Write every line below out again exactly, images omitted.

DATASET CONTENT =
Segment Open
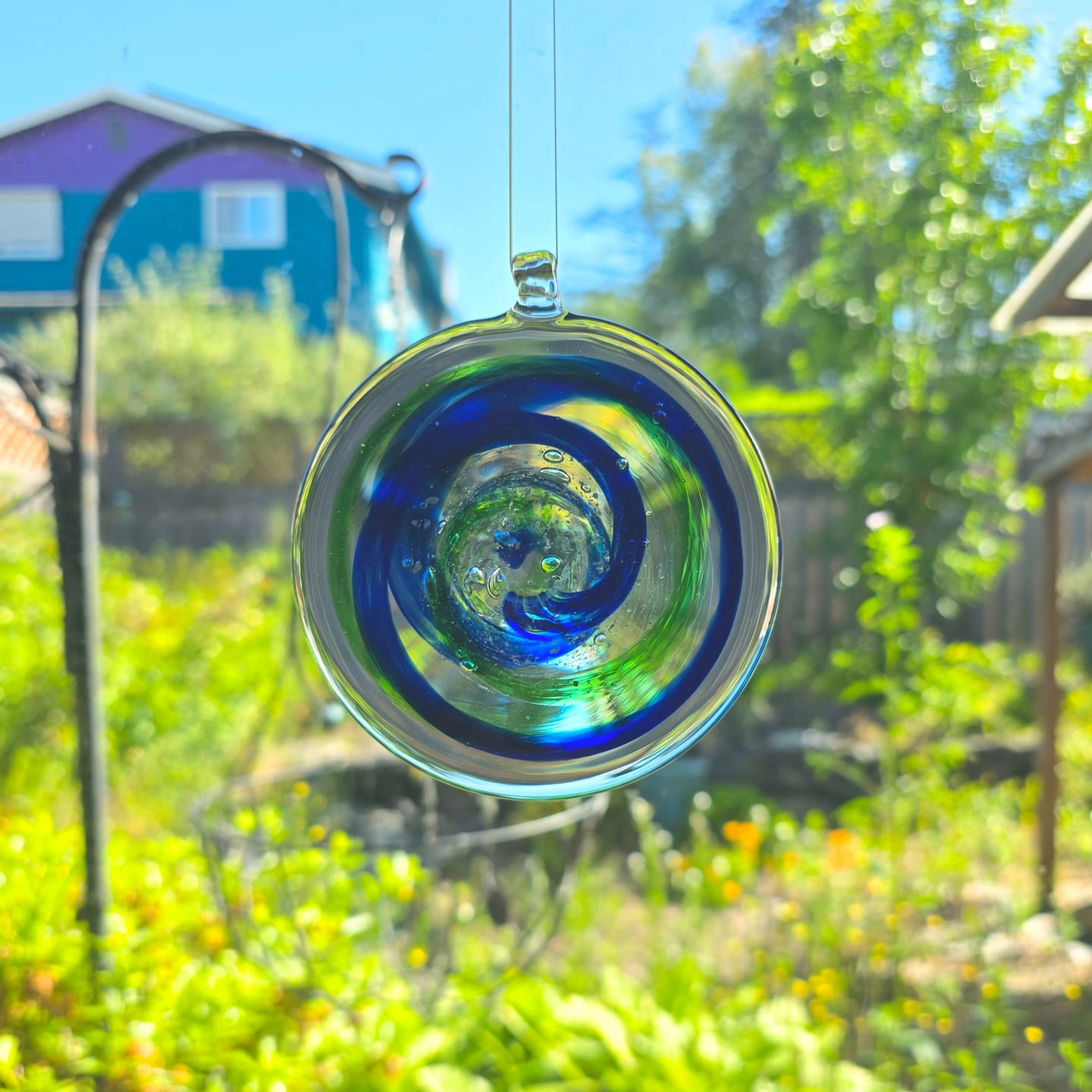 Customer photo review of Glass Suncatcher with Infused Cremation Ash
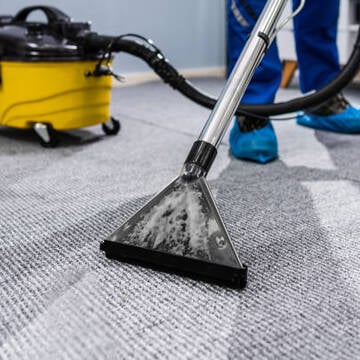 Photo Of Janitor Cleaning Carpet With Vacuum Cleaner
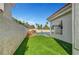 A bright green lawn abuts the rear of a white home with red tile roof and a swimming pool at 8132 Bay Harbor Dr, Las Vegas, NV 89128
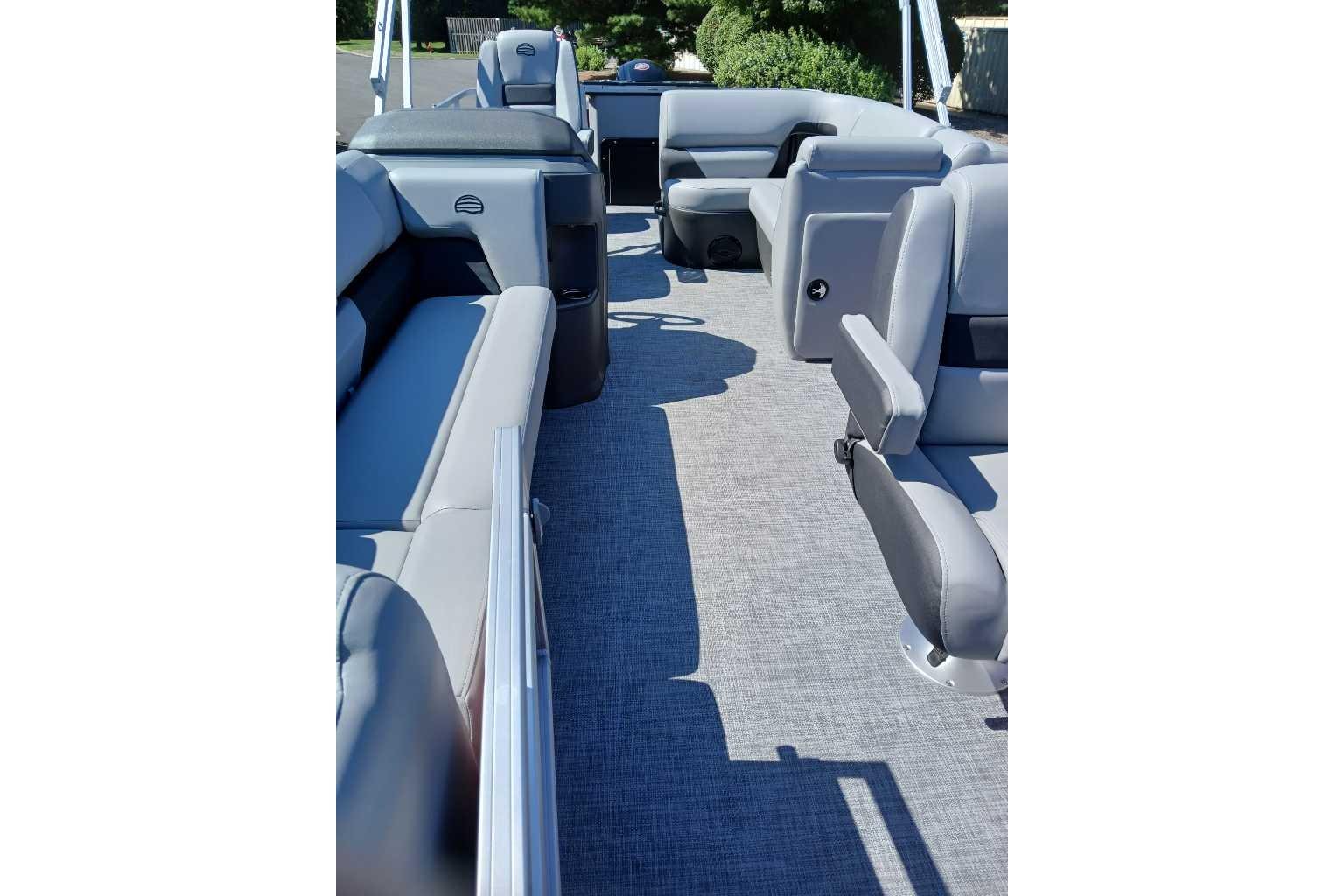2026 Sun Tracker SportFish 20 DLX interior with spacious seating and modern design.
Segment Closed
RESULT OF THIS EXERCISE =
 Customer photo review of Glass Suncatcher with Infused Cremation Ash
 Photo Of Janitor Cleaning Carpet With Vacuum Cleaner
 A bright green lawn abuts the rear of a white home with red tile roof and a swimming pool at 8132 Bay Harbor Dr, Las Vegas, NV 89128
2026 Sun Tracker SportFish 20 DLX interior with spacious seating and modern design.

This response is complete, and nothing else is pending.